What is the correct answer?
50%
-2/3 or 2/3 depending on how you solve the quadratic equation
Always change your choice.
>>8059686
this
they tested it on that British mythbusters wannabe show
Realize that changing your choice makes no difference. in terms of probability the new choice is just as plausible as the old choice, even if you started with 100 doors and narrowed it down to 2.
>>8059689
just remembered- it's called bang goes the theory
mythbusters tested it pick number 2
http://mythresults.com/wheel-of-mythfortune
first choice 1 to 3
second choice 1 to 2
>>8059585
>this board is Monty-Hall-thread free since: 0 days
>>8059692
>bang goes the theory
Why can't English people speak English well?
>>8059585
You forgot to specify: "The host is not opening the doors at random, but deliberately reveals a goat behind a door you haven't selected"
Yes this is actually an important part of the problem specification due to preservation of evidence.
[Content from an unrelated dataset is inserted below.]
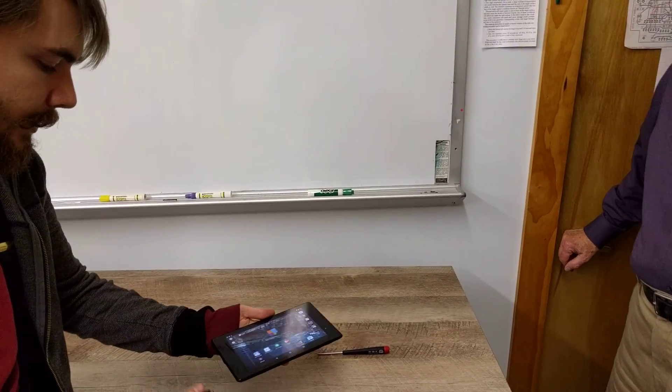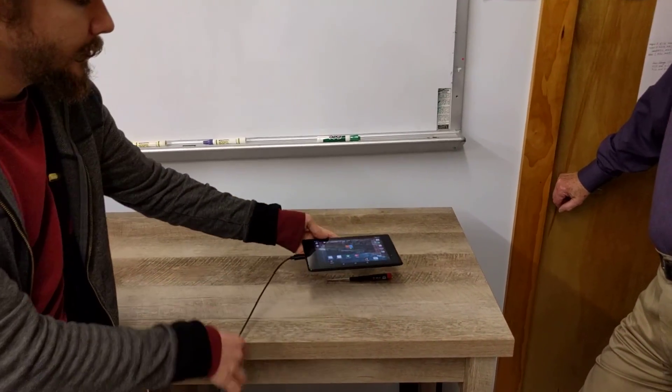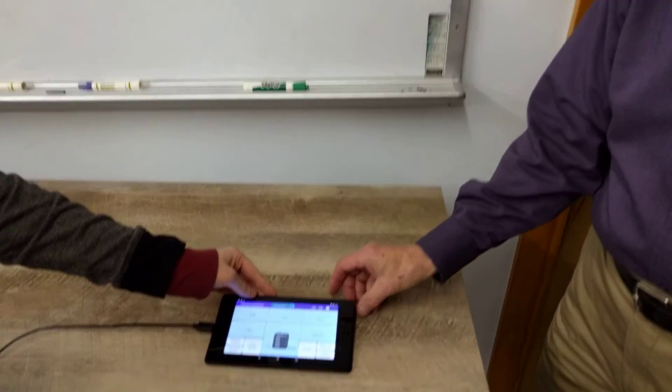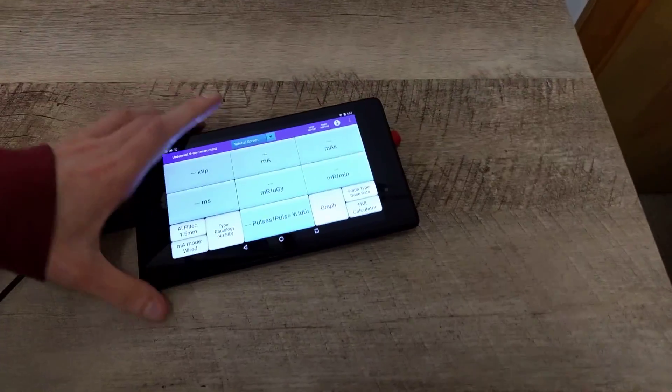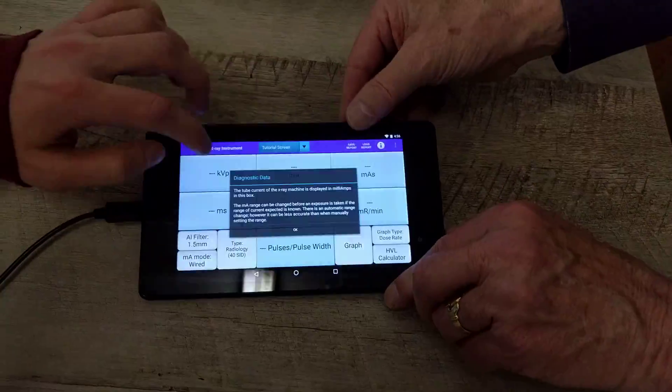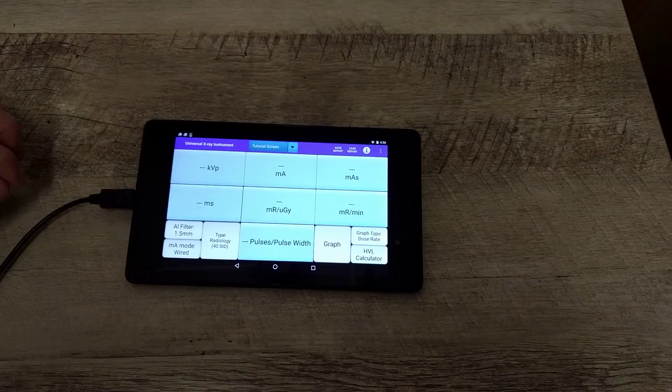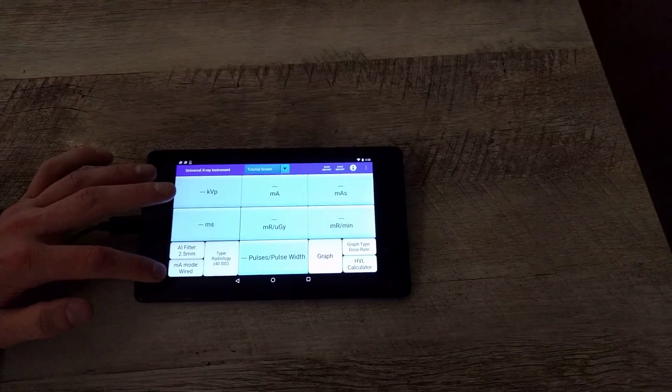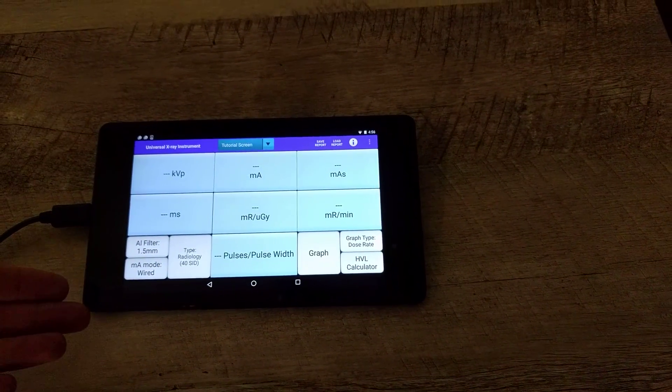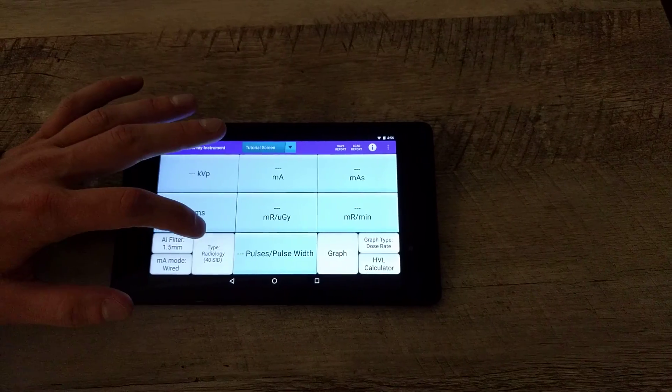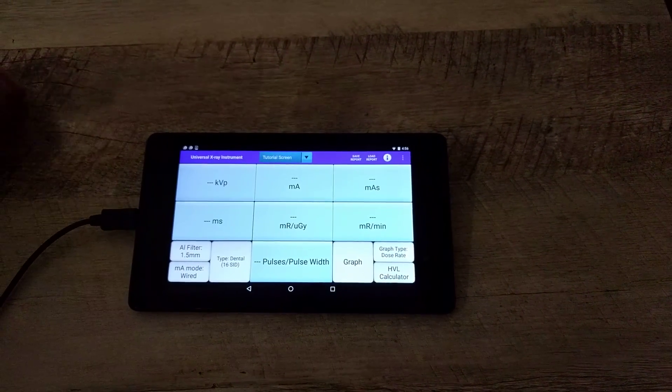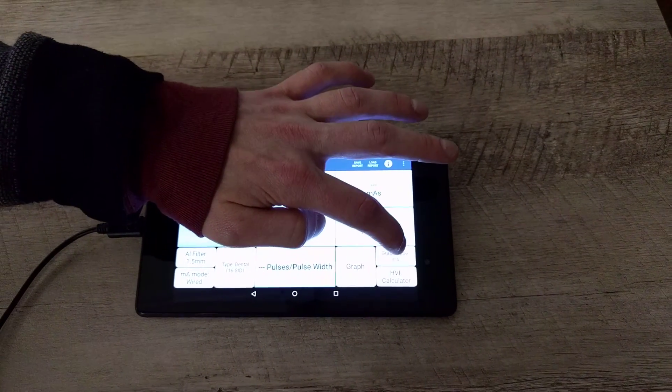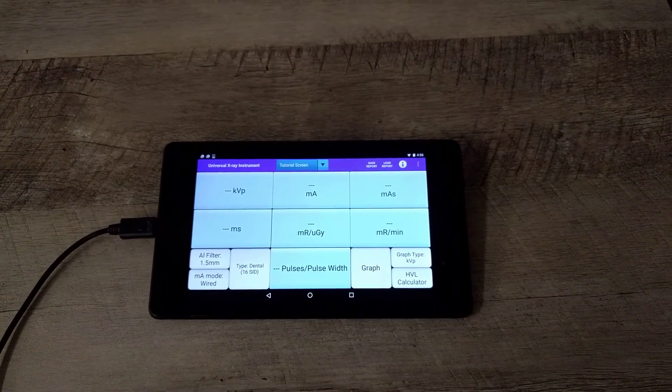The app should automatically come up and here you can tap any window to get a description of what it represents. You can tap here to change the filtration of aluminum, you can tap here to change wired mode and current mode for the MA, and here to switch between dental and radiology. Right within here to change the type of graph that you want to record. Okay, we are taking a dental type X-ray.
(Or to state it slightly differently: If the host followed the rule I outlined up top, you should switch for an increase from 1:2 to 2:1 odds of getting the car. If the host is picking a door at random from all three doors, switching doesn't matter, as you are changing odds from 1:1 to 1:1)
>>8059585
Everyone assumes that the door the host opens is removed
If you make a program that randomly selects a door, and you open a door then it will still have a 1/3 chance
>>8059585
-1/12
>>8059690
No it's not the same. Because the host eliminates one choice so now whe have a chance of 50% and before we had 33%.
>>8061111
>Because the host eliminates one choice
Then you analize the new sample space and reset the probabilities.
So it's still 50%
>>8061111
Depends on what we know about the hosts selection method. It is only 50% if we assume the host is picking one of the three doors at random.
>>8059585
Never switch.
goats >> cars
>>8061126
the probabilities are not reset
you are choosing between one door, and not one door
thats the binary choice you are given
>>8061186
Then surely you switch to the open goat?
It's easier to understand if you suppose that once you picked a door Monty lets you switch to the other 2 if you accept to give up on one goat (you'll have always picked at least one goat between the two). This problem is equivalent to the original one since in both cases one door is a 'non choice': in the original case because Monty opens it and you can avoid it, in this case because you give up on it after having switched. The idea of being able to pick two doors helps getting it because the other two door's content is only influenced by your original choice, which on the other hand was completely naive (in the sense that your choice was free and unconditioned, not touching the probability of picking the car, 33%). With this in mind, the probability that the car is on one of the two remaining doors is as naive as your first choice, and the probability of picking a car accepting the switch is an unaltered 66%.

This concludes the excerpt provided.